Sunny menahan napas, terpengaruh oleh pemandangan mengerikan di hadapannya.

Mayat itu berlutut di lantai sel kecil, tangannya dirantai ke lantai. Ada lingkaran yang diukir di batu di sekelilingnya, dengan simbol-simbol tak terhitung jumlahnya yang tidak dapat dipahami Sunny.

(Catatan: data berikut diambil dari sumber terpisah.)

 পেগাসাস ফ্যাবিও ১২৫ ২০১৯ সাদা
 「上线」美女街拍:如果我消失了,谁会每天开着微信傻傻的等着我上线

Namun, lingkaran itu telah putus. Selama ribuan tahun sejak jatuhnya Kota Kegelapan, lantai sel penjara telah retak, dengan beberapa retakan yang memanjang tepat melalui ukiran yang rumit.

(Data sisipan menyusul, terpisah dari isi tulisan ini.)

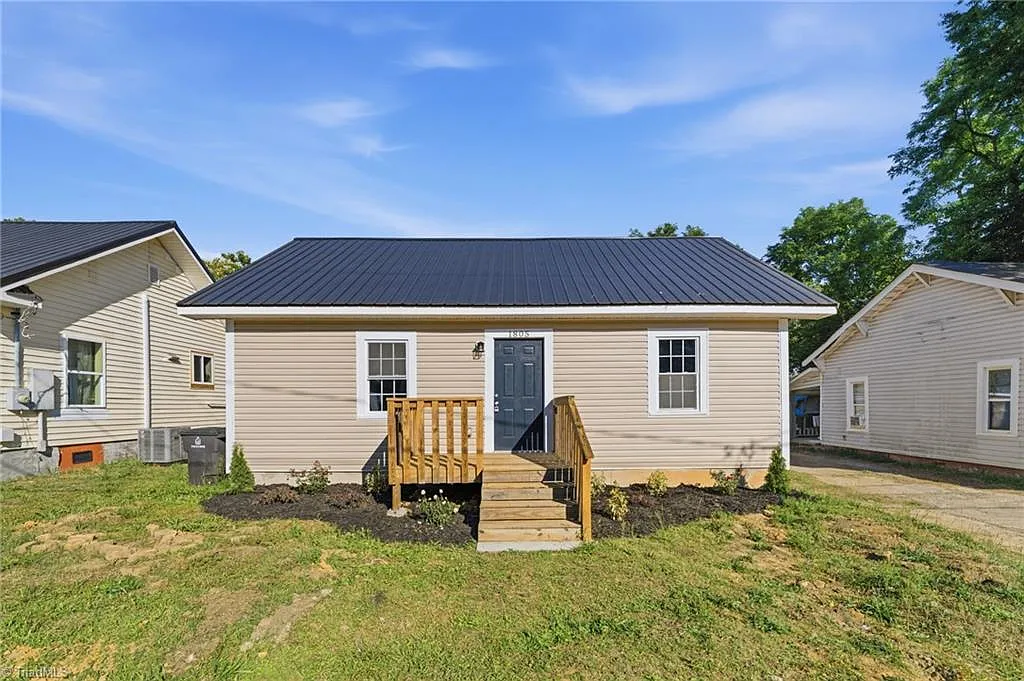 3 bed, 900 sqft, $1,350 — Photo 1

Apa pun yang seharusnya ditampung oleh lingkaran itu, entah telah binasa atau melarikan diri sejak lama.

Kini, yang tersisa hanyalah mayat yang layu.

Mendekat, Sunny melihat sekali lagi orang yang dipenjara dan meninggal di bawah reruntuhan katedral, di dalam sel yang terletak tepat di bawah patung dewi tanpa nama itu.

Karena jubah gelap dan topeng hitam yang dilapisi pernis, Sunny tidak bisa mendapatkan banyak informasi tentang mayat itu. Tampaknya itu milik manusia, tetapi selain itu, semuanya masih misteri.

Dosa mengerikan apa yang telah dilakukan orang ini sehingga dihukum mati dengan cara yang mengerikan ini?

Anehnya, intuisi Sunny terdiam. Seolah-olah tidak ada apa pun di depannya. Bagi indra keenamnya, tahanan di sel bawah tanah itu tampak seperti ruang kosong.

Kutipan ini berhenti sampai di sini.